Flexible detectors with high neutron efficiency achieved

Crystal size and dispersion significantly affect detector performance

Performance comparable to commercial detectors with better robustness

Abstract

The production of flexible and robust thermal neutron detectors with improved properties as compared to the commercial ZnS:Ag based phosphors is here pursued, exploiting a siloxane binder, whose intrinsic properties as related to the chemical features of the functional groups and to the optical properties are investigated and tailored in correlation with the final performances of the detectors. Two different siloxanes either with pendant phenyl groups or with aliphatic groups have been used, the former being intrinsically fluorescent and with higher polarizability than the latter.
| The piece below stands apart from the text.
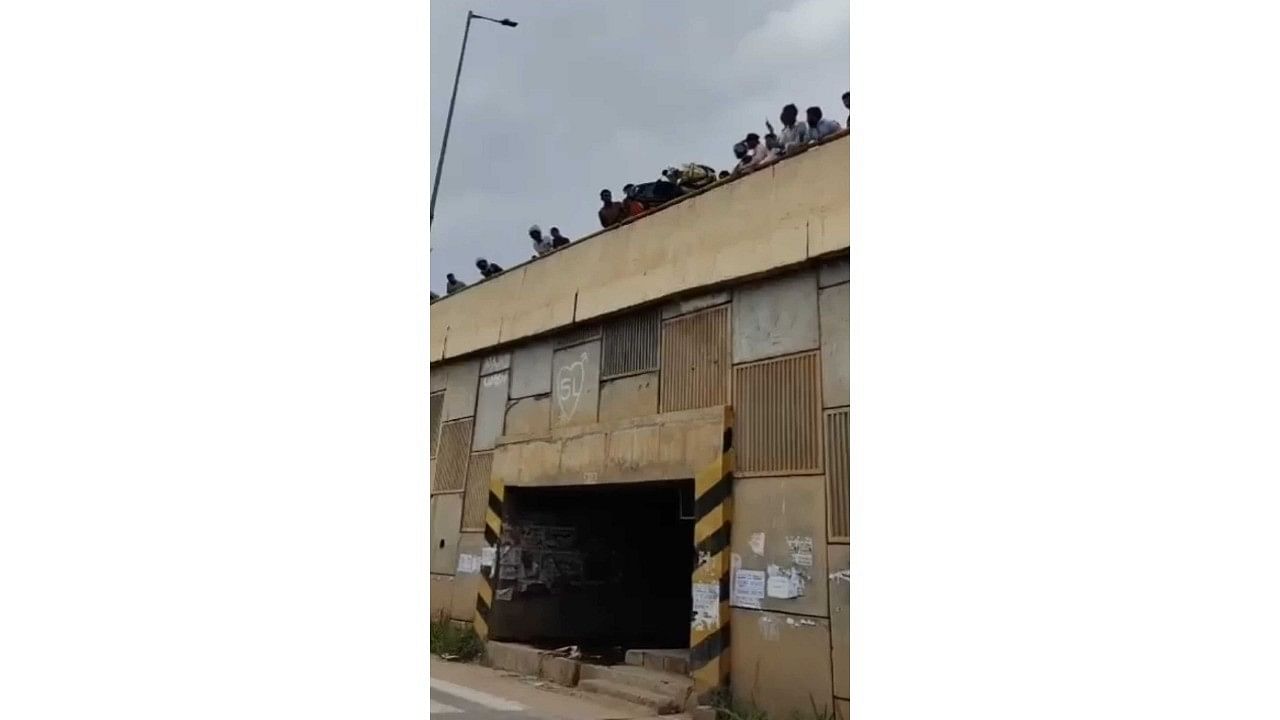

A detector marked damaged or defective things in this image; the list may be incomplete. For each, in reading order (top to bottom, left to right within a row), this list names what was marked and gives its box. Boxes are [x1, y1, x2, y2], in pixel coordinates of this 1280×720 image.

torn poster [688, 580, 720, 632]
torn poster [736, 568, 764, 608]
Moreover, 6LiF crystals have been synthesized by co-precipitation method and the solvent/co-solvent ratio has been changed in order to tune the crystal size. Then, the size effect on the detector efficiency to thermal neutrons has been investigated as related to the energy loss of thermal neutron reaction products inside the crystal and the dispersion homogeneity of the crystals into the composite. To complete the characterization of the produced flexible detectors, the response to {\gamma}-rays has been measured and compared to a commercial detector. The careful choice of both the base resin and the 6LiF crystals size allows to produce flexible detector for thermal neutrons with performances comparable to the commercial standard and with higher mechanical robustness and stability.